Often, patients demand to be admitted at the hospital even when they have no basis for admission. They just think they need to be confined at the hospital because of the subjective symptoms that they feel. To be admitted just because you want to be admitted is acceptable at a private hospital, but not in a government hospital wherein we save beds for those who really need to be confined. Most the time all beds are full because the bulk of patients in the general population seek consult at government hospitals. It would be both foolish and impractical to admit patients because they want to.

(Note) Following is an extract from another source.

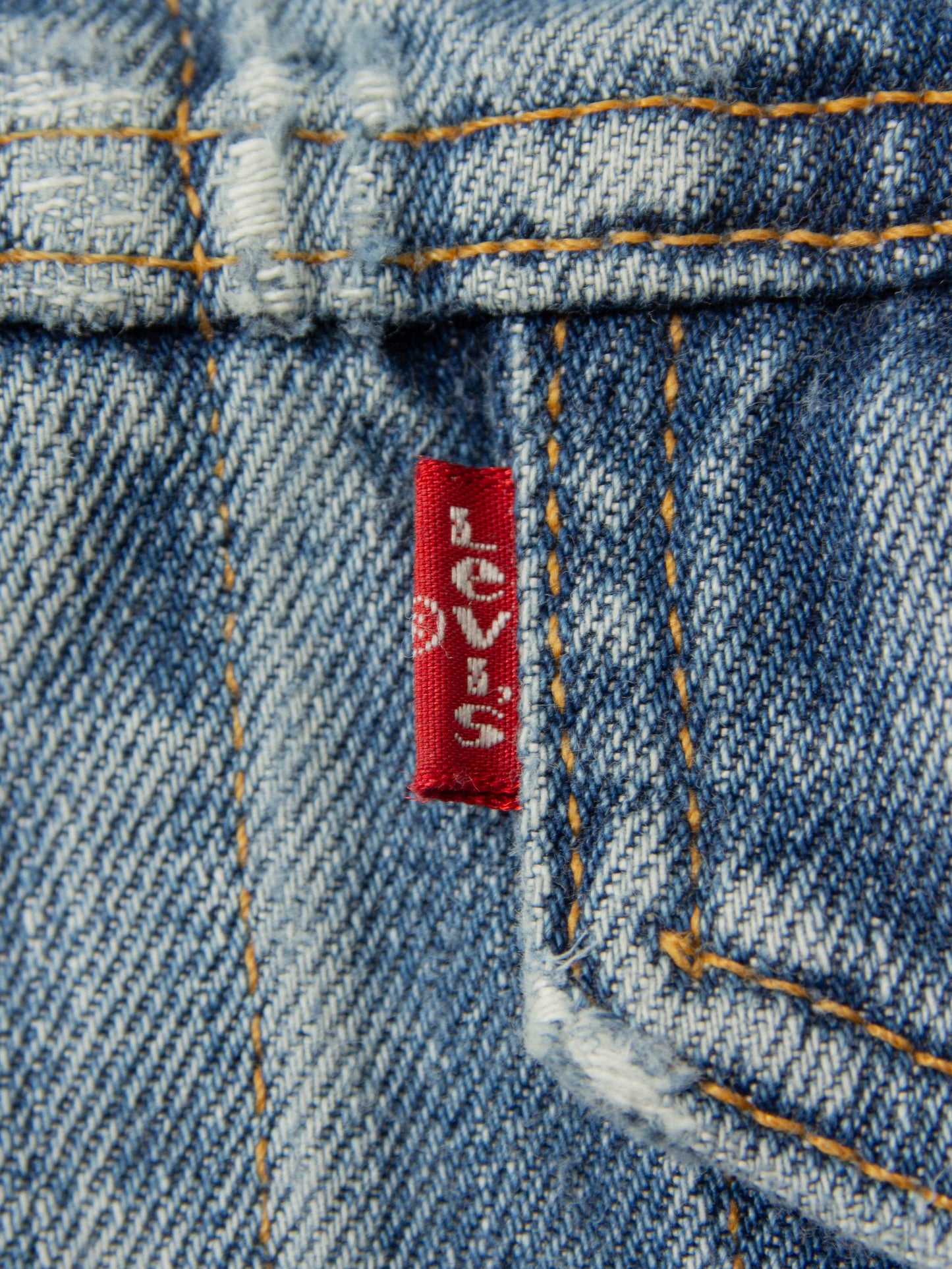 Vtg 1990s Levi's Denim Jacket (S/M)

Or how about those patients who go to the emergency room to seek consult for such simple and benign illnesses that could obviously wait until the next day? Do they not understand the meaning of the word "emergency"? It's fine when there are only a few patients. But when we are dealing with a lot of patients, most of whom are really in emergency situations, these patients can really be a waste of time and manpower. And it even gets more irritating when they demand immediate attention, saying they were there first, even when the patient who came after them is already gasping for breath. At times I can't help but shout at these patients. If they refuse to wait, then they better transfer to a private hospital. Their non- emergency complaints along with their money, would be fully appreciated there. It even gets more annoying when they start to namedrop, saying that they know the hospital director, or someone from the government. D-oh, as if those people can really do anything. So what if they are from the government? We can't just discharge patients randomly just so we can admit their patients. Often, all beds are full, all rooms are full. There are even makeshift beds and stretchers along hallways just to accommodate the huge patient load. If those people that they know can add rooms or beds just to accommodate them, then fine. But if they can't, then they better just shut the f*ck up.

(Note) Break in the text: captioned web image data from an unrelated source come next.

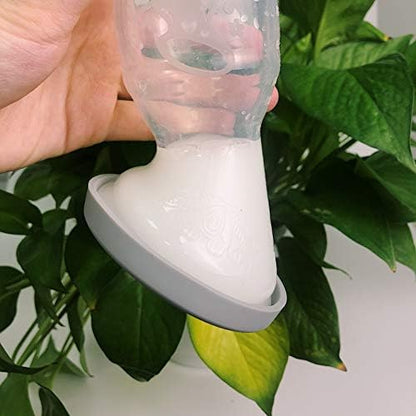 BPA free silicone lid securing expressed breast milk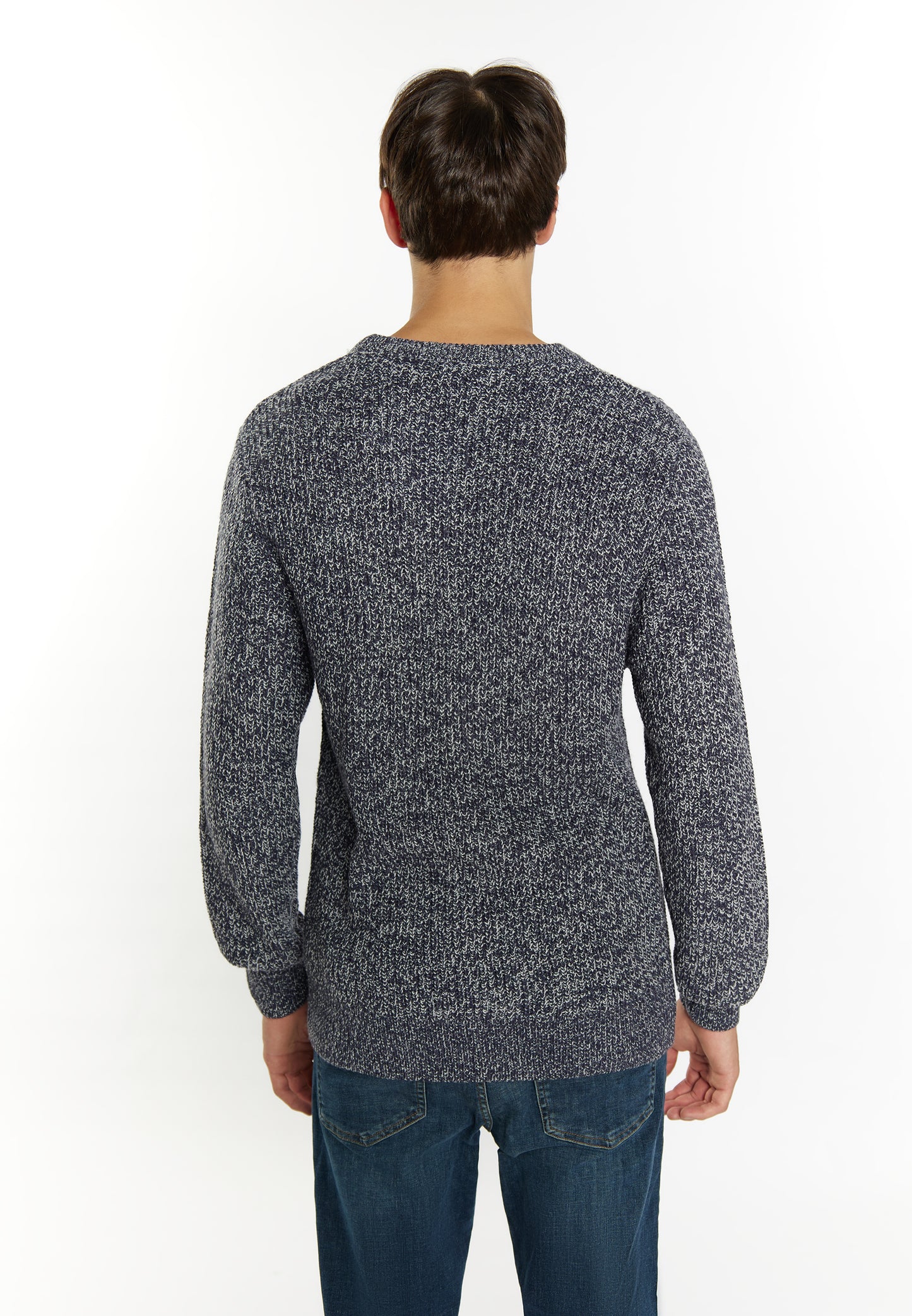 Mo men's sweater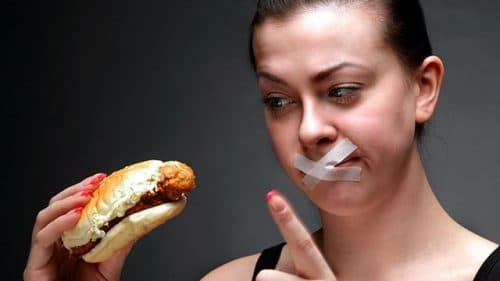 Người bị áp xe hậu môn không nên ăn những loại thực phẩm cay nóng, nhiều dầu mỡ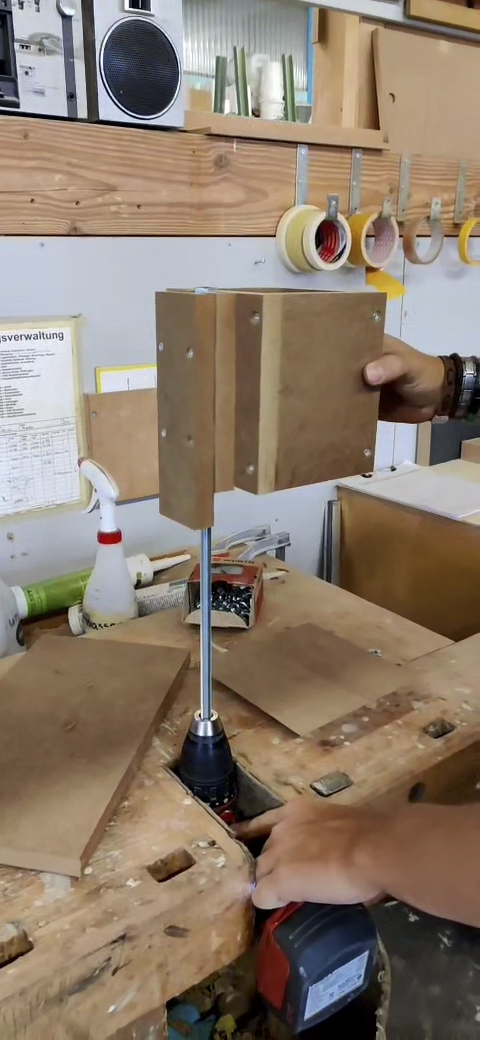 nachttisch voe.00 00 04 14.standbild001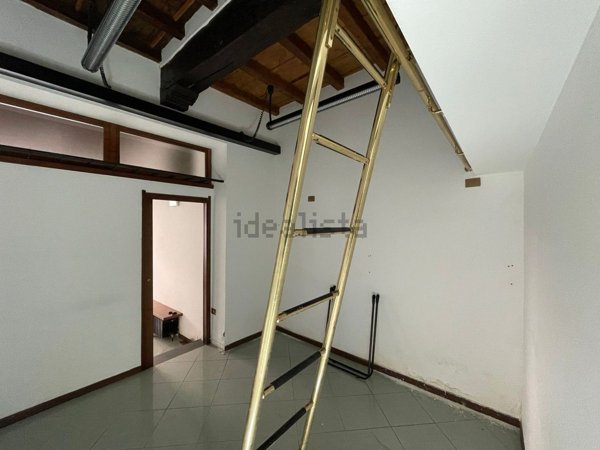 ufficio in vendita a Rivolta d'Adda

There was a time last year when I actually challenged a patient's relatives to a fist fight. Highly unprofessional behavior, i know. There were a lot of patients coming in, and seeing that the patient only had a simple laceration, I asked him to wait. After about an hour, I fully explored the wound, and I saw that a tendon was transected. I couldn't find the proximal part, I had to extend the would longitudinally to find it. A local anesthetic wouldn't be enough. Such a procedure can't be done at the emergency room, and since the operating rooms were full, the patient had to be transferred to another hospital. I called another institution and they were willing to accept the patient. Our ambulance was available, so the patient was ready to be transferred. But then the patient's brother started rapping about making them wait. If I couldn't do something about his brother's condition, I shouldn't have let them wait that long. i explained the situation again, but he refused to listen. I was getting exasperated. I haven't eaten yet, and there were more patients coming in. i couldn't waste any more time explaining. Then I heard an expletive. My patience ran out. I shouted at him. I exclaimed an expletive as well. He answered back. he pointed a finger at my face, and I pushed his hand away. Then I challenged him to a fight outside to settle things. He then said something like what aprofessional I am, challenging him to a fight. I told him that was the way I am and he couldn't so anything about it. I was about to kick his sorry ass when the hospital's security guards grabbed him and brought him outside.
Such unreasonable people can really bring out the worst in me, especially when I am stressed.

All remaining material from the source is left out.